Neither the scientific community, nor I (a physics major long long ago) care as much for a "paper" as a successfully met challenge. Papers don't refute. Experiments that cah be reproduced refute. Read on please.
> Something is happening in these experiments and I wish the physics community could come to some conclusion, whether it's a source of excess energy or not.
Look, claims and assertions progress from speculation, to conjecture, to hypothesis, to theory only one way -- by making accurate predictions and surviving hard challenges.
The more accurate predictions made, and the more hard challenges met, the better a claim looks. This is fundamental to all science.

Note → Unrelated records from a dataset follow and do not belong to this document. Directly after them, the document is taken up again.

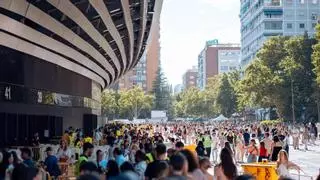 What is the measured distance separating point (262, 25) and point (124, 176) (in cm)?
12743

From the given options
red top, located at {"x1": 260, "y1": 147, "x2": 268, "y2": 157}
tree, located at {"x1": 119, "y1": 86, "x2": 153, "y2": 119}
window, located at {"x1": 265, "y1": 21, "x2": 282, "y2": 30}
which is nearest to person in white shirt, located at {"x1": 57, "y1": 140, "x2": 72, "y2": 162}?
red top, located at {"x1": 260, "y1": 147, "x2": 268, "y2": 157}

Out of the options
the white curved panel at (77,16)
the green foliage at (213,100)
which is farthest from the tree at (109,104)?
the white curved panel at (77,16)

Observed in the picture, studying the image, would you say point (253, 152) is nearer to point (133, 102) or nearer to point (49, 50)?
point (49, 50)

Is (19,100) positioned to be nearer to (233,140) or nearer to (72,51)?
(72,51)

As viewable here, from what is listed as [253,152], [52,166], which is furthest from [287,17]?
[52,166]

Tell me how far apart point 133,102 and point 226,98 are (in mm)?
27200

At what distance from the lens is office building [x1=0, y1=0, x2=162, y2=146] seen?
23150 mm

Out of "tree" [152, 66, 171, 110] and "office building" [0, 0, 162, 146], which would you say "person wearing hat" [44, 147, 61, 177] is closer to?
"office building" [0, 0, 162, 146]

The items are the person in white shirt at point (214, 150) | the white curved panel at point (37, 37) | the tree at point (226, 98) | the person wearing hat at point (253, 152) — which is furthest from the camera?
the tree at point (226, 98)

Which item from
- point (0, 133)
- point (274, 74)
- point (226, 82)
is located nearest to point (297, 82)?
point (274, 74)

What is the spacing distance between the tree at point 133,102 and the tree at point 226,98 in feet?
77.7

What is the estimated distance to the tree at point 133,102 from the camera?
461 ft

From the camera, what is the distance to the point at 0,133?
27.6m

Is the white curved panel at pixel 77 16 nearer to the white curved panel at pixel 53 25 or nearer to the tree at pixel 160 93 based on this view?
the white curved panel at pixel 53 25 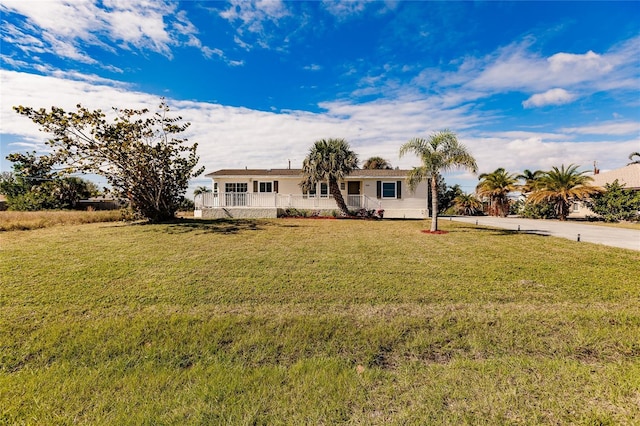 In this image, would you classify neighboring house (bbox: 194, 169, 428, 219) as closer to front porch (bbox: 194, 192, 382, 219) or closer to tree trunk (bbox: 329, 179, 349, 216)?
front porch (bbox: 194, 192, 382, 219)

The most rigorous testing of all -- decades or centuries of accurate predictions and challenges met -- allows a theory to be considered a Law of Physics. There aren't many of them, for a damn good reason. It's tough.

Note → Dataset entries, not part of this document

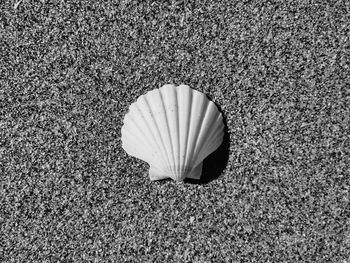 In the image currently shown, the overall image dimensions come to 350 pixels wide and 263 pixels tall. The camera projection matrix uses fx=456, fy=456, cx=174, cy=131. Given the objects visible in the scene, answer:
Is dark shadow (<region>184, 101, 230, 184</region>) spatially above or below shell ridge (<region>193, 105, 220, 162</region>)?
below

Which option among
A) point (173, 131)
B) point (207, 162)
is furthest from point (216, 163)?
point (173, 131)

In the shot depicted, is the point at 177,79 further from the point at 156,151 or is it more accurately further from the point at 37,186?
the point at 37,186

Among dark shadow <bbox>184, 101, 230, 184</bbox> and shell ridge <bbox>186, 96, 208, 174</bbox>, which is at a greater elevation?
shell ridge <bbox>186, 96, 208, 174</bbox>

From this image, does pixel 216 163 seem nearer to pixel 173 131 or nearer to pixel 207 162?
pixel 207 162

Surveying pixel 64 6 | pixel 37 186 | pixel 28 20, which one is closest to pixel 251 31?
pixel 64 6

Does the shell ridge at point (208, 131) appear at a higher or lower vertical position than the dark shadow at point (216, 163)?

A couple of experiments like the ones described here are fine and worthy endeavors, and the experimenters should be encouraged.
But don't start talking about changing something like Thermodynamics or Conservation of Energy because of it. Get real. The huge weight of evidence and experience is on the side of the law, not the neat new hard-to-reproduce experiment.
When this has been reproduced in hundreds of labs under rigorous scrutiny, you can talk about the "physics community" giving a rat's ass about it. The history of science is filled with such neat things, all untrue. If this one is real, it'll pan out -- after decades of scrutiny, not before.
The papers submitted are the result of further experimentation. If you read any of my earlier posts you'll see that even the most ardent critic of Taleyarkan has achieved some limited results with his own experiments. The scientific community will decide in it's own time what is happening here (and there surely is a process at work that is not clearly understood) but your assertion that this is all BS isn't credible in light of the results that have been achieved so far.